Equivalent ideas of absolute continuity of measures Wikipedia says that $\mu$ is absolutely continuous with respect to $\nu$, if $\nu(A)=0 \Rightarrow \mu(A)=0$.
Okay, then I found another notion of absolute continuous measures: Let $||f||_1=1$ and $\mu(A):= \int_A |f| d \nu$, then we also have absolute continuity in the sense that if $\nu(A)  < \delta \Rightarrow \mu(A) < \varepsilon$. My question is: How are these definitions related to each other? It is clear that the second notion implies the first one, but is the converse also true? Where does this $\varepsilon$, $\delta$ comes into play? 
Edit: Afais is the converse implication the result of a special case of the Radon-Nikodym theorem and a few lines of calculation that the $\varepsilon, \delta$ stuff actually holds, right?

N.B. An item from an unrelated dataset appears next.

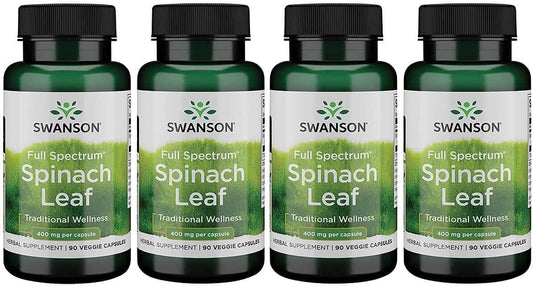 4 Pack Swanson Full Spectrum Spinach Leaf 400mg 90 Veg Capsules - Organic Supplement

 A: The easy way is just to note the following: 
if $\nu(A)=0$ and $\mu <<\nu $, then setting $\epsilon =1/n$, we can find a $\delta_n>0$ s.t.$\ \nu(A)<\delta_n\Rightarrow \mu(A)<1/n$. 
But this condition is vacuously satisfied for all $\delta_n$, because $\nu(A)=0$ so $\mu(A)<1/n$ for all $n\in \mathbb N$ and this implies that $\mu(A)=0$.
A: The first property, $\nu(A)=0\implies \mu(A)=0$, is the fundamental definition. The $\epsilon$-$\delta$ property is equivalent to it when $\mu$ is finite, but not in general. For example, the measure $\mu(E) = \int_E |x| \,dx$ on real line is absolutely continuous with respect to the Lebesgue measure. But we can find arbitrarily short intervals $I$ with $\mu(I)\ge 1$. 
To prove the equivalence of two properties for a finite measure $\mu$, you don't need the Radon-Nikodym theorem. Suppose that the $\epsilon$-$\delta$ condition fails. Then there exists $\epsilon$ such that for all $n=1,2,3\dots$ there is a measurable set $E_n$ with $\nu(E_n)<2^{-n}$ and $\mu(E_n)\ge \epsilon$. Let $F_k = \bigcup_{n=k}^\infty  E_n$ and $F = \bigcap_{k=1}^\infty  F_k$. 
Since $\nu(F_k) <2^{1-k}$, we have $\nu(F)=0$. On the other hand, $\mu(F_k)\ge \epsilon$ for every $k$, which (because $\mu$ is finite) implies $\mu(F)\ge \epsilon$.
The proof is taken from Folland's ''Real Analysis'', which is generally considered a better way to learn measure theory than reading Wikipedia[citation needed].